The flattening process was quick but it left the top of the frets quite scratched. Next time I think I'll use finer grit sandpaper even it it takes longer to flatten. To re-form the round tops of the frets I decided to use a simple triangular mill file. These are common and very inexpensive compared with the specialized crowning files on the market. However, I needed to modify the file so that the long edges would not harm the fretboard. To do that, I used the Dremel tool to grind the edges smooth. This made my tool into a safe-file as shown in the next photo.


I surrounded each fret with masking tape for the filing and then used the Dremel tool with a polishing wheel + compound to get the file scratches out as much as possible. This worked very well. I'm constatly finding new uses for the Dremel.



A big part of the setup was the making of the nut. My camera malfunctioned during that time so unfortunately I have no photos to show.

closing the box

I have fallen behind on updating the blog. It's time to catch up and document what has been achieved in recent months. In spite of me acting as the world's slowest builder (not by choice...) I am close to completing the mandolin. The mandolin was officially born on February 7th, 2009. To me, this means that on that date it became functionally complete, albeit without the finish. I will post a photo of it's current state in next posting. For now, let's go over what's been done since I've left off

First, let me address my neck angle worries which I stressed over in the last posting. Although I suspect the angle is not ideal, I was able to get decent string action by cutting down the bottom of the bridge saddle to facilitate lowing it. Problem solved = major sigh of relief!

Going back in time - gluing in the lining was fairly straight forward. The kit came in with a solid thin strip for lining, rather then the more common kerf lining. I needed a lot of small clamps, and ended up using everything I had, including wooden clothes line clips with a rubber band reinforcement for extra clamping power. It worked just fine. No need to always buy specialized tools!



Once the glue dried, I continued to flatten the entire edge of the ribs/lining area so that the back plate would sit flush on it without rocking. I feared that clamping the back onto a non-flat area would induce twist in the body. In order to flatten the edge, I created a long sanding stick by taking a flat piece of wood and gluing sandpaper to it with some pray adhesive. This sanding stick method is very useful for various operations.

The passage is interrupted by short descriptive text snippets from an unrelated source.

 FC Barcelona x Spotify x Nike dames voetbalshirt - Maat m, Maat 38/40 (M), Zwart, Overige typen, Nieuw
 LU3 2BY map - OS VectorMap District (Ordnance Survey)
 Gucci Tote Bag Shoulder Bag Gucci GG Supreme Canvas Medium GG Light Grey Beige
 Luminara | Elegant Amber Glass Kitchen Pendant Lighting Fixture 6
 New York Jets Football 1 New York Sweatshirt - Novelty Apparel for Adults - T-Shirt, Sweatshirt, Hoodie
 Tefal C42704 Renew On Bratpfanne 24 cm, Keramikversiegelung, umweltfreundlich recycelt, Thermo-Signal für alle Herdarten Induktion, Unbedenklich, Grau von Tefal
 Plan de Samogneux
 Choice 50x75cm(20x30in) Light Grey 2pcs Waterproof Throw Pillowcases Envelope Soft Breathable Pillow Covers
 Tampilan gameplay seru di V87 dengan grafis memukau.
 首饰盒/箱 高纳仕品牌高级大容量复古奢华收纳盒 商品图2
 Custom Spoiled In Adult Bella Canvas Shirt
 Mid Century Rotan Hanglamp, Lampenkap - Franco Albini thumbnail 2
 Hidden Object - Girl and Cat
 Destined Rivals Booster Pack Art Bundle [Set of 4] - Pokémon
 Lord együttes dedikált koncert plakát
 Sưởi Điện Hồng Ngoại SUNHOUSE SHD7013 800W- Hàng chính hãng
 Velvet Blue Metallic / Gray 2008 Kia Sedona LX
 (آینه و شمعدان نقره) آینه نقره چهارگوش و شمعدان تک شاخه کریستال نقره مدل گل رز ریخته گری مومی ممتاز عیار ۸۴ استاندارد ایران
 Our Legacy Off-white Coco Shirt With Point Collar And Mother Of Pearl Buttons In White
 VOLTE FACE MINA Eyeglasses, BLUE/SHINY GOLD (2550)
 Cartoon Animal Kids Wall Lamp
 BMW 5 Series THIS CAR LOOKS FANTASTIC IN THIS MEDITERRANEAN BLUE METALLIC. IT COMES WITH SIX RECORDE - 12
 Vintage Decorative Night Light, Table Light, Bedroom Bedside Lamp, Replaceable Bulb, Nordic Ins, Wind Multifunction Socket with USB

The big moment of closing the box came next. I approaches the task with a mixture of excitement and apprehension. The back plate was within may be 1mm of the width of the body, so aligning it for gluing was crucial. The glue would make the join slippery and every clamp would pull the back a little this or that way. The solution was a locator pin, pre-installed on the tail block. At least one end wouldbe anchored in place. I could not use a locator pin in in the neck block because , again, the precision needed in alignment. So this was a good enough compromise. I used a...wooden toothpick as the pin and drilled a hole for it in the tail block. Once it was glued in, I cut it short and put a little black marker ink on it to transfer the location to the top plate. I then drilled a shallow hole in the top plate and made sure I had a snug and perfect fit. By the way, the photo below also shows another problem with this kit. The ribs (which came pre-glued to the block) were done....less then perectly...and a visible gap is evident. Luckily most of it would be hidden behind the tailpiece. Same for the gap in the binding. No worries.


Gluing the back on took some fast and careful alignment, before the glue had a chance to set. It's really true what they say - you can never have too many clamps! I used them all - cam clamps. small F clamps, a dozen violin spool clamps. Wherever extra protection was needed, I used some leather scraps to avoid denting the wood. I love this shot. So....industrial.